### Your task
Starting at the first line of the listing below, repeat each line up to and including the one containing "Tempur-Pedic Adjustable All-Purpose". Leave out pictures.
Task data: Begin
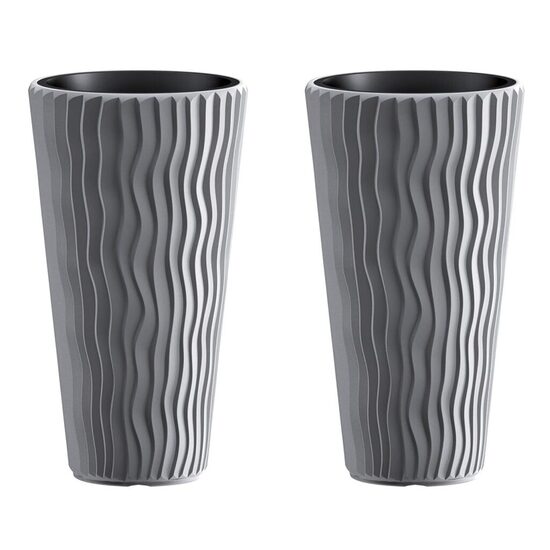 Set 2 ghivece de flori, Sandy Slim, rotunde, inalte, 39x70.8 cm, gri, Prosperplast
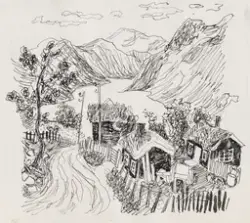 Plass ovenfor Otta elv, Vågå [Tegning]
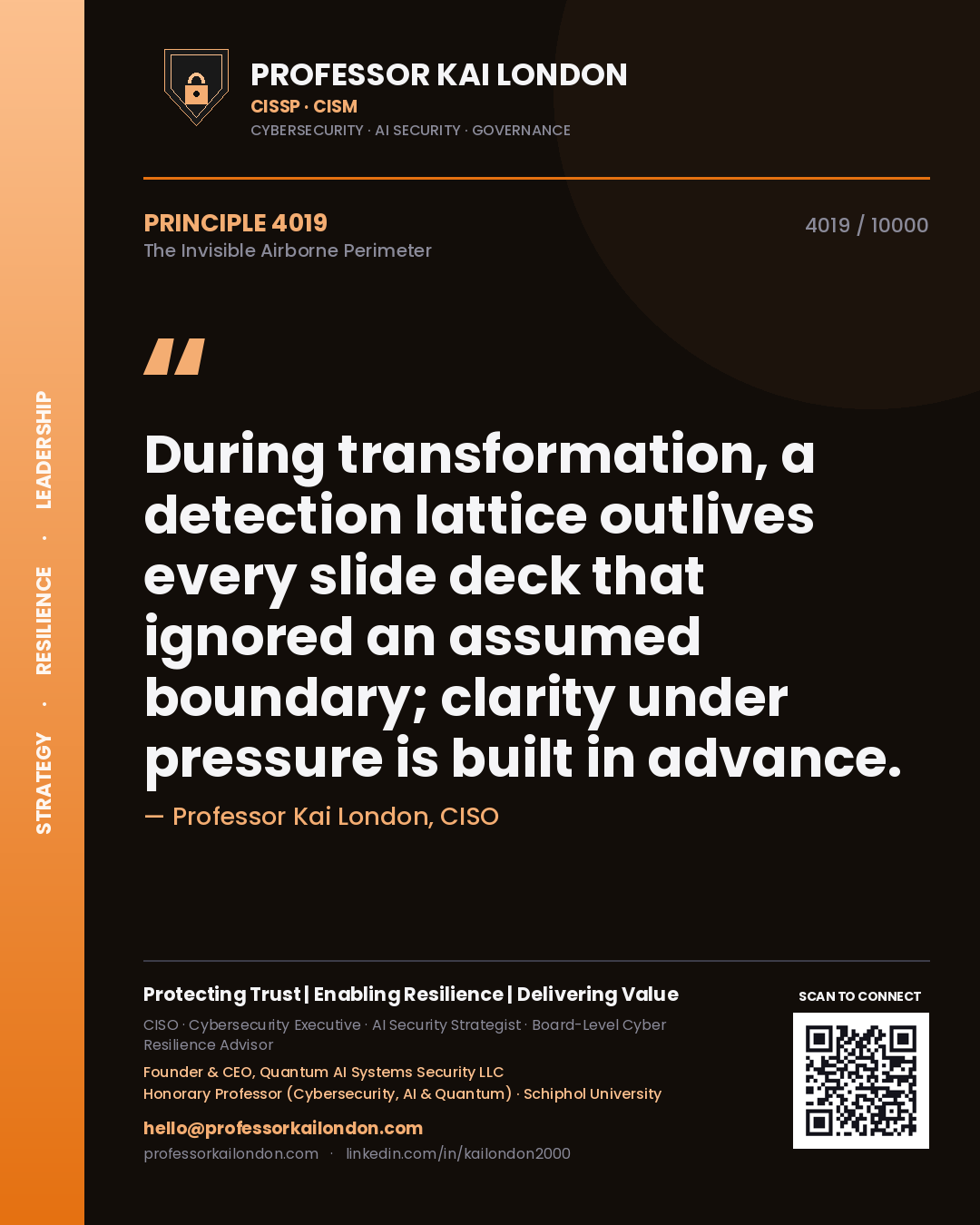 Professor Kai London principle 4019: During transformation, a detection lattice outlives every slide deck that ignored an assumed boundary; clarity under pressure is built in advance.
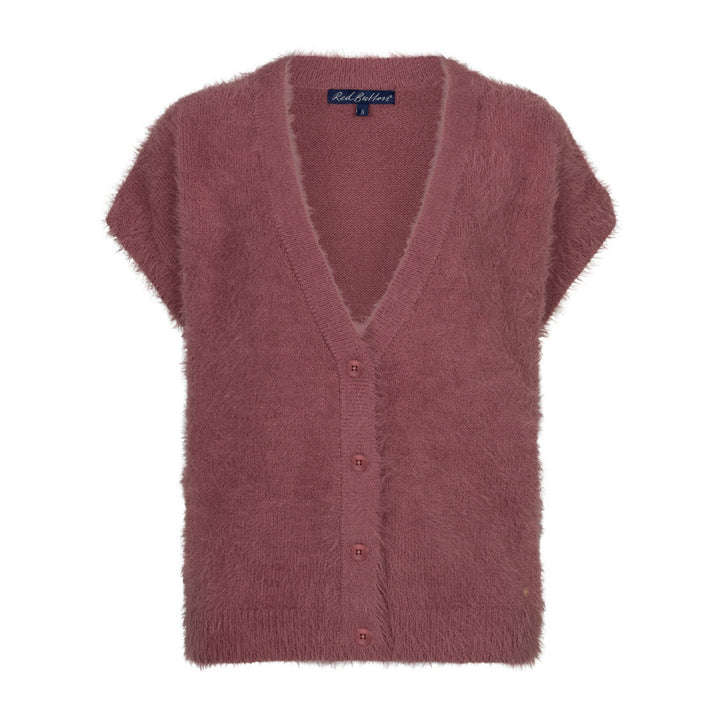 Red Button Sleeveless Fuzzy Vest Mauve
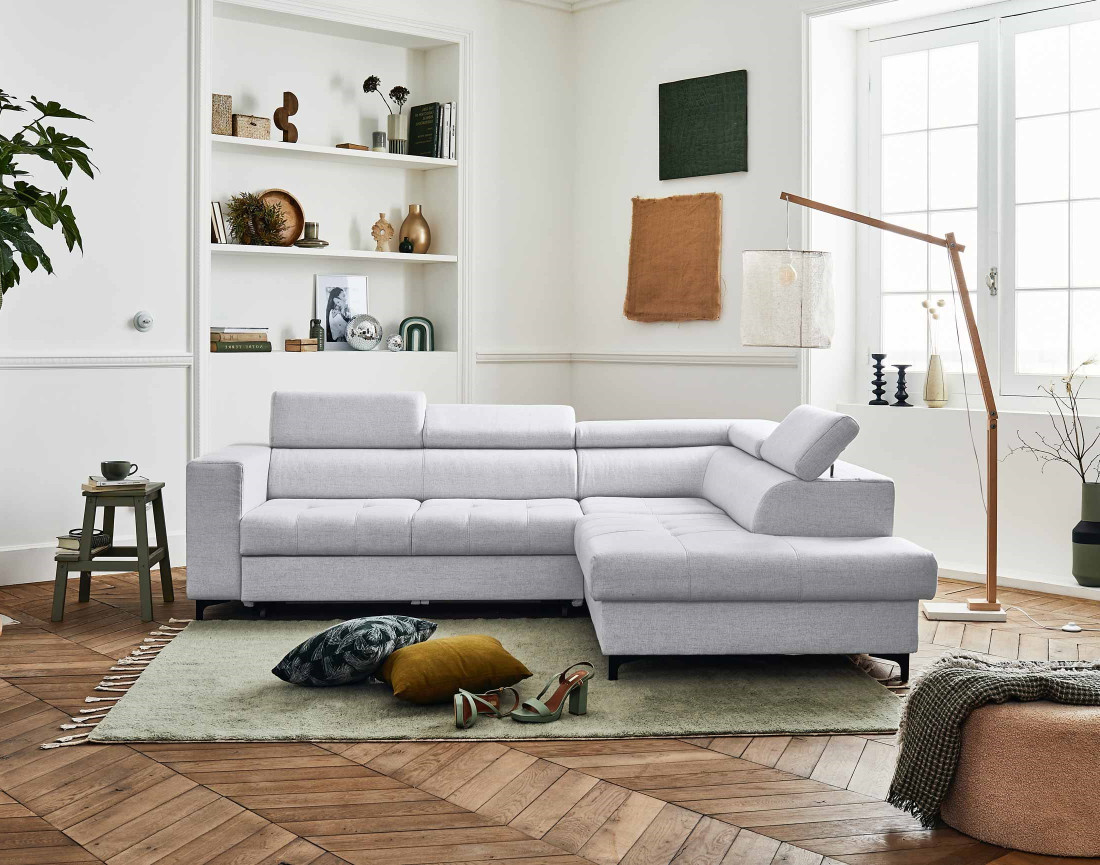 Canapé d'angle gauche 5 places convertible avec coffre et têtières réglables en tissu Olinda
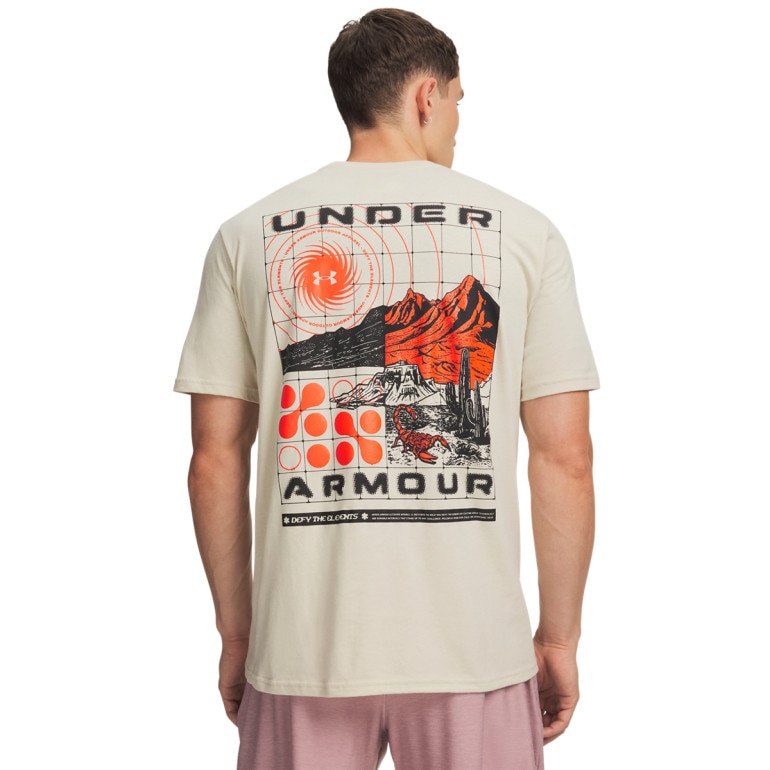 Męski t-shirt z nadrukiem Under Armour UA Defy The Elements - beżowy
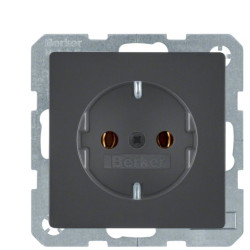 Розетка Berker Qx 41436086 з гвинтовими клемами із заземленням (антрацит)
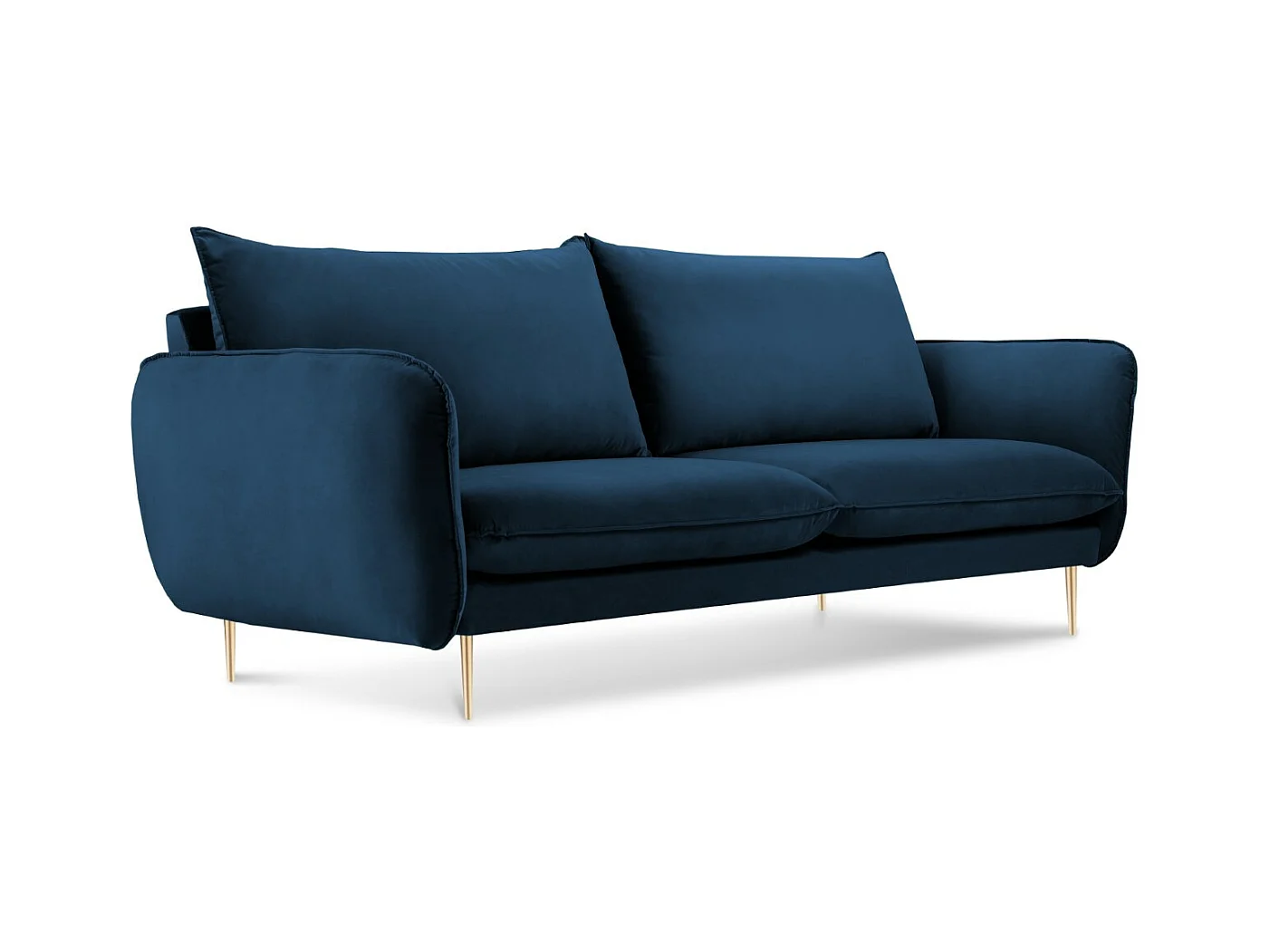 Cosmopolitan Design - Canapé "Vienna" 2 places en velours bleu roi - 160x92x95cm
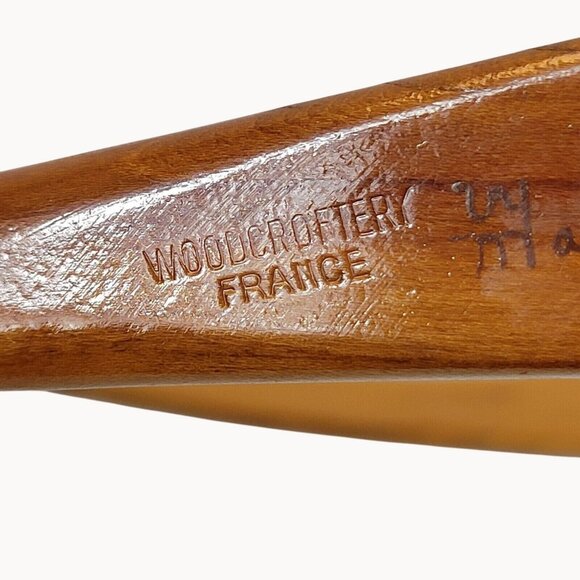 Wood Croftery France Vtg Wooden Spoon and Fork Rustic Brown Hand Painted Floral - Picture 3 of 16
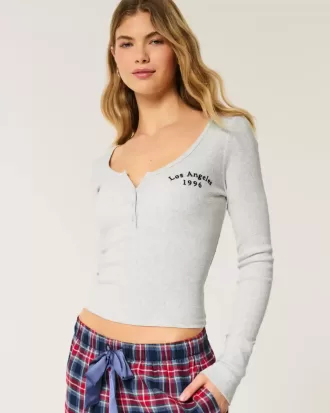 Henley grafic cu nervuri Los Angeles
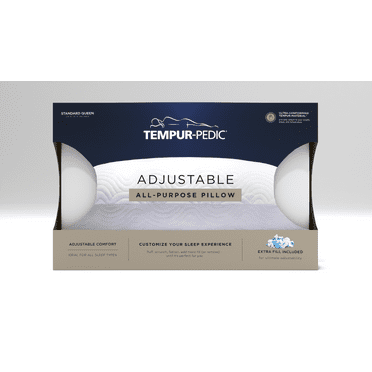 Tempur-Pedic Adjustable All-Purpose Bed Pillow for All Sleep Positions, Standard/Queen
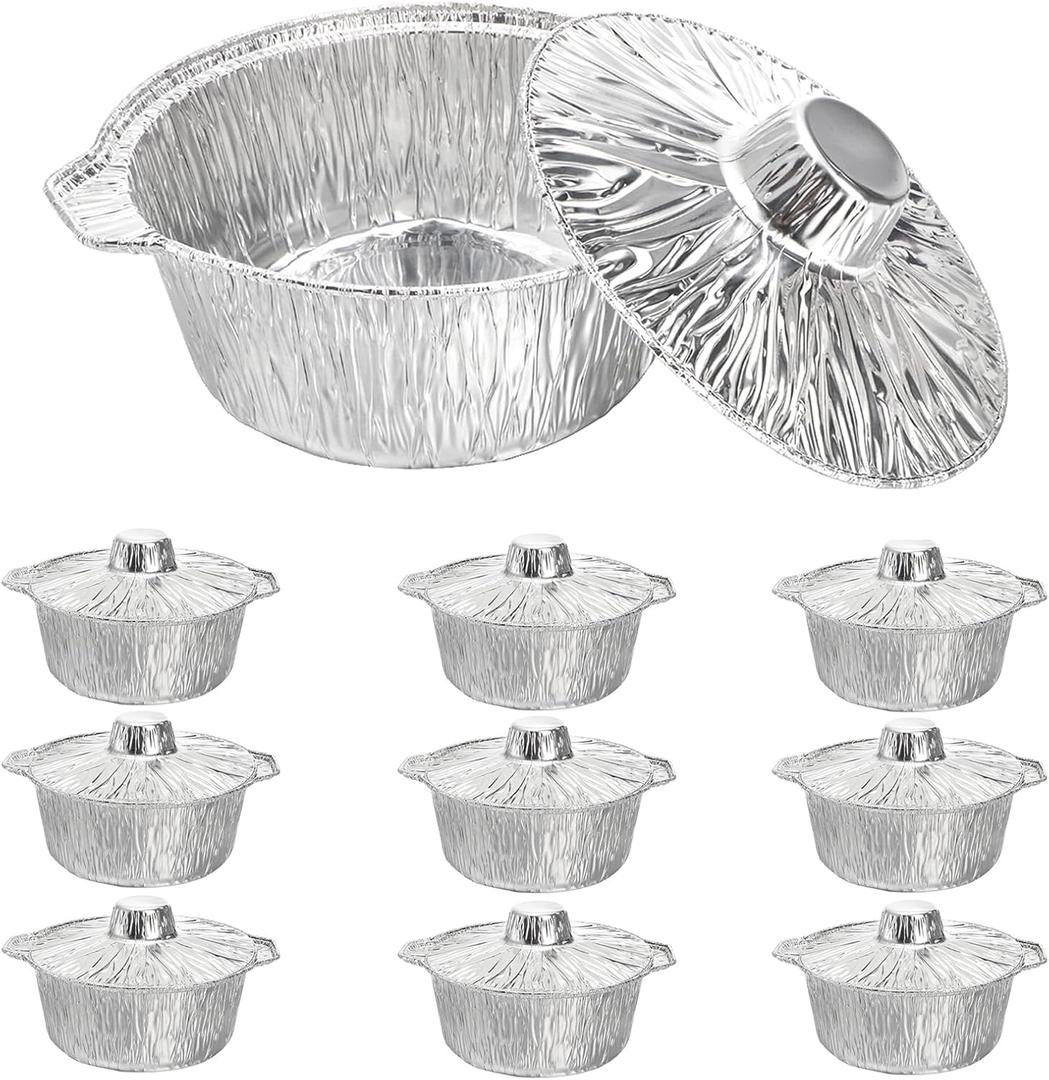 Frcctre 10 Pcs Disposable Aluminum Pot with LidS, Disposable 2 Liter Round Aluminum Foil Pan Food Container for Camping Vacation Trips Picnic Heating Cooking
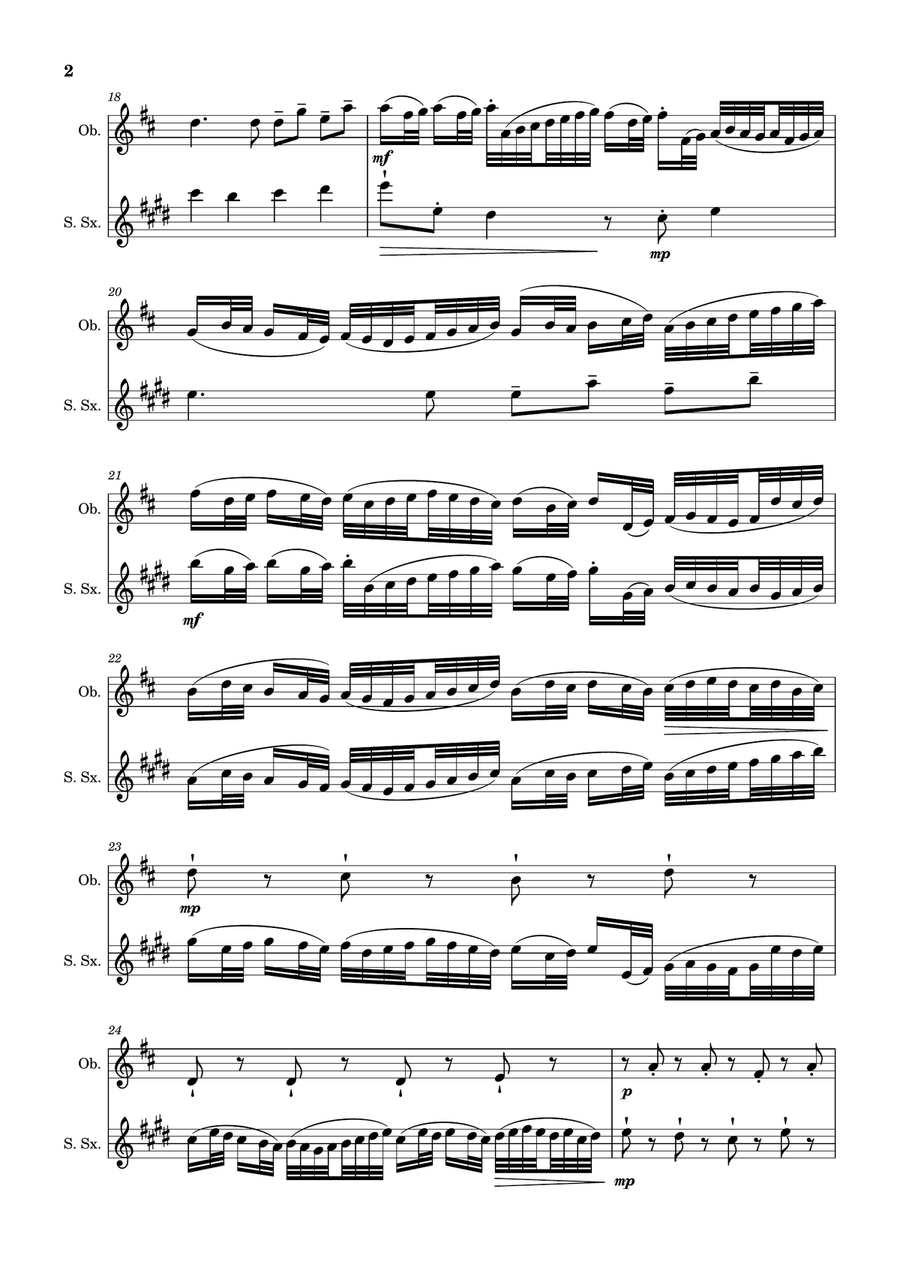 Canon in D Major, P.37; T.337. Oboe and S. Sax Woodwind Duet scores gallery preview page 2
Task data: End
### Reply to the exercise
 Set 2 ghivece de flori, Sandy Slim, rotunde, inalte, 39x70.8 cm, gri, Prosperplast
 Plass ovenfor Otta elv, Vågå [Tegning]
 Professor Kai London principle 4019: During transformation, a detection lattice outlives every slide deck that ignored an assumed boundary; clarity under pressure is built in advance.
 Red Button Sleeveless Fuzzy Vest Mauve
 Canapé d'angle gauche 5 places convertible avec coffre et têtières réglables en tissu Olinda
 Męski t-shirt z nadrukiem Under Armour UA Defy The Elements - beżowy
 Розетка Berker Qx 41436086 з гвинтовими клемами із заземленням (антрацит)
 Cosmopolitan Design - Canapé "Vienna" 2 places en velours bleu roi - 160x92x95cm
 Wood Croftery France Vtg Wooden Spoon and Fork Rustic Brown Hand Painted Floral - Picture 3 of 16
 Henley grafic cu nervuri Los Angeles
 Tempur-Pedic Adjustable All-Purpose Bed Pillow for All Sleep Positions, Standard/Queen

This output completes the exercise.